I already try my best to not play too many low odds bets but at least we have a quick filter we can apply if we wish to weed out these unprofitable bets.

Here’s the same results split by Season:


I think this points out what we already know in the sense that homes struggled last season. However, by looking at this, you can see it was actually only the low value homes that struggled. When my ratings were finding a fair bit of value, the home bets were doing OK.

The aways were hard to make out last season. The big value aways made massive profits but we know the aways were easy to make money last season as there was a freakish number of away winners at good odds, so my ratings caught this benefit last season. The aways with less than 5% value made a loss but again, the 5%-10% had an amazing season!

Hard to draw any conclusions over a season in these groups as there isn’t enough data and last season is probably not going to indicative going forward as it was a strange season with a low number of Home wins and a high number of Away wins.

Here’s the results by League:


I’ll just pick out some interesting observations here which will give us some ideas for going forward.

  • Bsq Prem bets where there is less than 25% of value are only break-even over the last 3 seasons.
  • Bsq Prem bets with 25%+ value have an ROI of 55%+!
  • League One bets with an ROI of 5% or less are break-even.
  • League Two’s highest value bets are heavily loss making. This makes perfect sense as the systems have always struggled in League Two and we now know why! 
  • The lower value bets (<15%) in the Premiership are loss making.
  • The lowest value bets in the SPL are better than the highest value bets.

I think having this new data available adds another dimension to the TFA service and as I said before, I think this is maybe the missing piece of the jigsaw for us.  I think it’s important that we learn more about these ratings before we all dive in and start adjusting our staking plans or systems to follow

Here’s the results split by League and Home and Away:


Again, there are lots of interesting little snippets of info here but in isolation, with the very small data samples, not sure we can pay too much attention to these results.
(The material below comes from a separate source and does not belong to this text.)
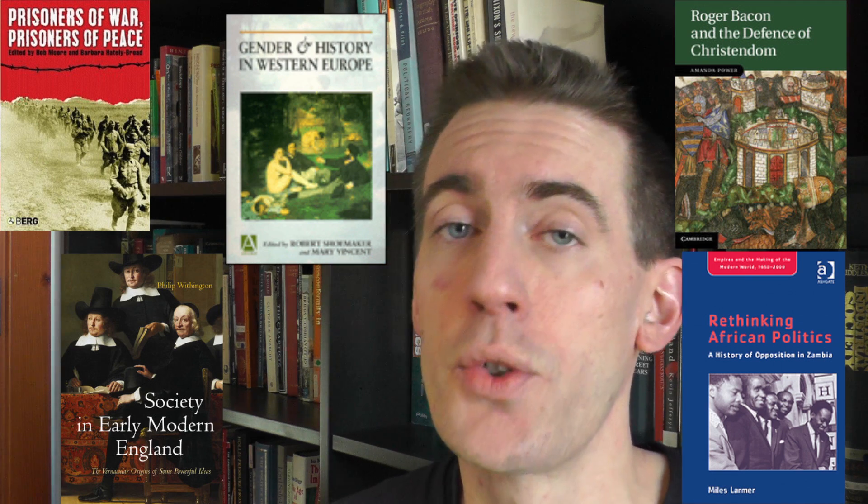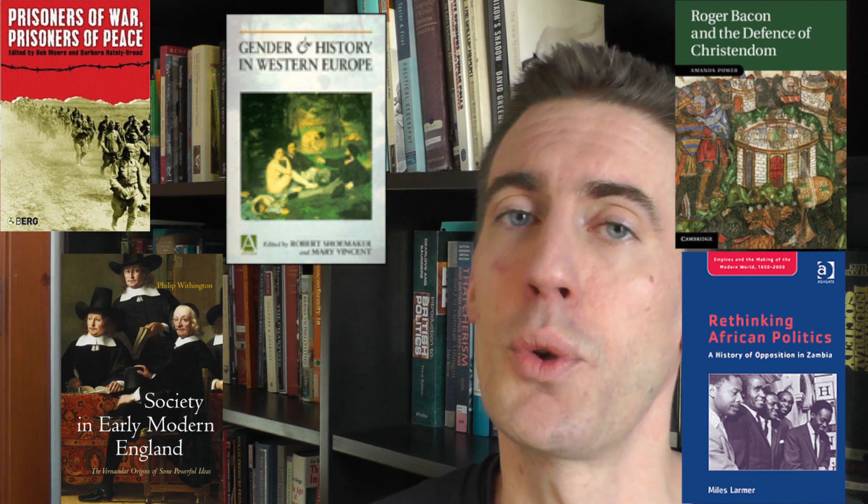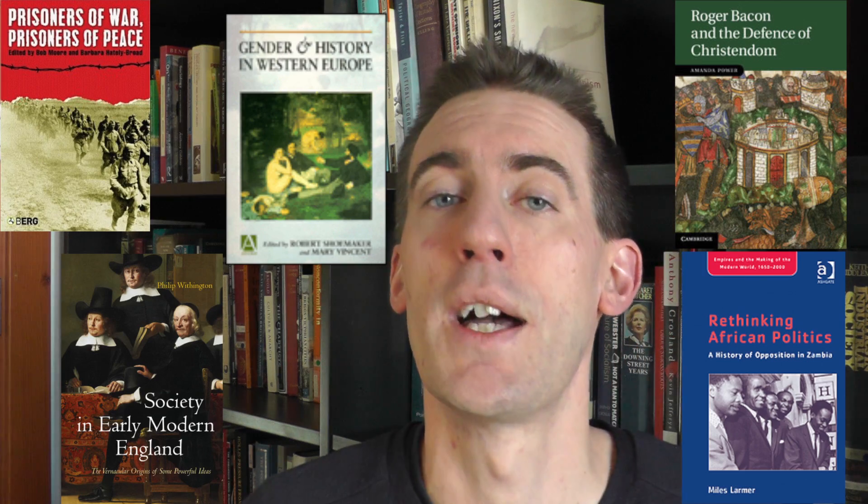As well as teaching skills, this is a great way of integrating you into the research culture of the department and giving you an insight into what we actually do here at Sheffield.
OK, I think that’s enough of an introduction to the TFA value ratings for the time being. There is a lot of new information available in this post and I suggest those following next season take some time to read this and try to get the juices flowing around what this means about your portfolio of TFA bets going forward.

The service is now open for new subscriptions although I will close the service next Monday (July 8th). Looking this morning, there are only a handful of places still available although to give as many people as fair a chance as I can, I will try to keep the service open until next Monday. I would rather have a few extra members who are keen to follow the service and have shown their commitment by joining in a week window as even after last season, I lost more members than I thought which is amazing considering the season I had! 
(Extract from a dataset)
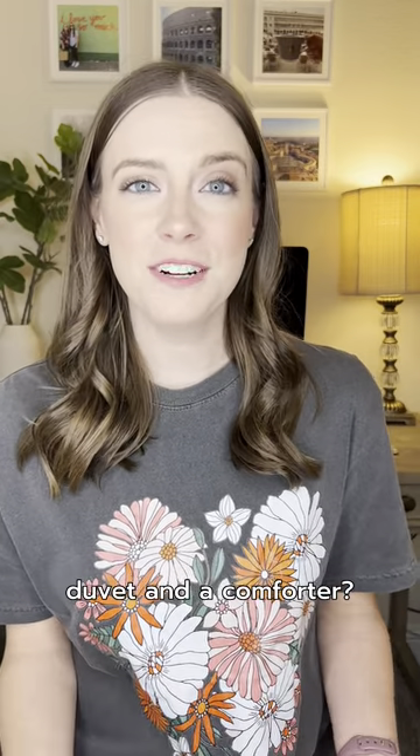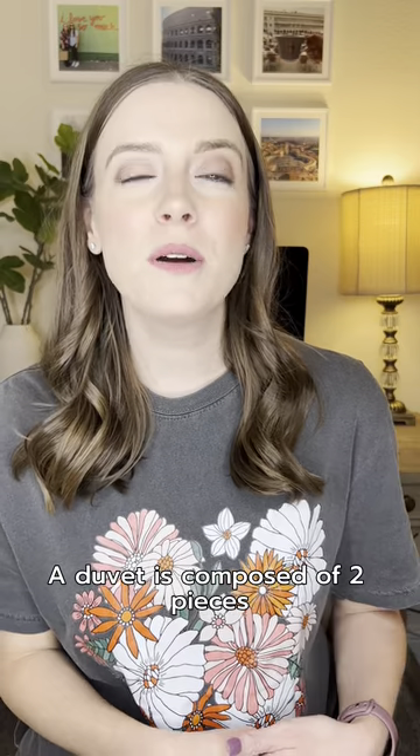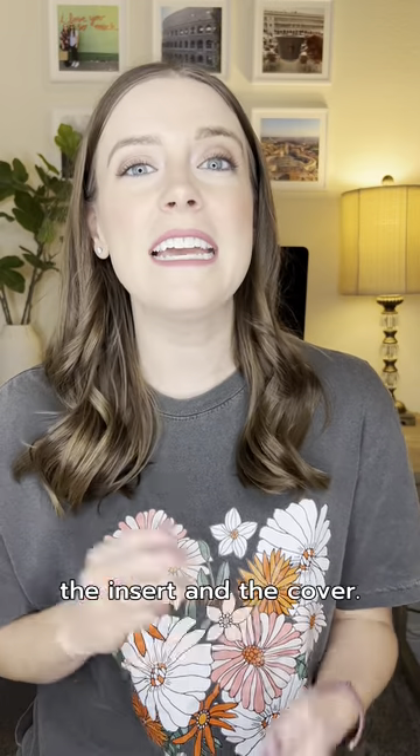Do you know the difference between a duvet and a comforter? A duvet is composed of two pieces: the insert and the cover. The insert is placed inside of the cover and then placed on your bed, giving it a fluffier, more full look.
I’m having a little break away from things this week (after today) to try to recharge my batteries after the last few weeks and the intense workload this value ratings project has brought.  The next step is to finish off building the new European ratings for next season. Going to try to finish off these today as I’ve been working on it when I got bored doing data analysis from the value ratings project.  Not got too much more to do although I’m still not sure how I plan on sharing the results on the blog as I don’t want people following the Euro systems too closely and showing amazing backtested results I don’t really believe in is maybe not a great idea! 

2 comments:

  1. Great work Graeme. Not much experience with football betting but plenty with value filtering with horse racing and if it were me I would ONLY be betting those at >30% for more selectivity and to maximise ROI. Would have liked to see breakdown of Value %s by each system both overall and over each season to see if any specific system(s) were responsible for the higher ROI to give even more selectivity. Also A/E and Chisq%'s for each system would be most revealing and may even convince a football betting 'virgin' like me to sign up :-)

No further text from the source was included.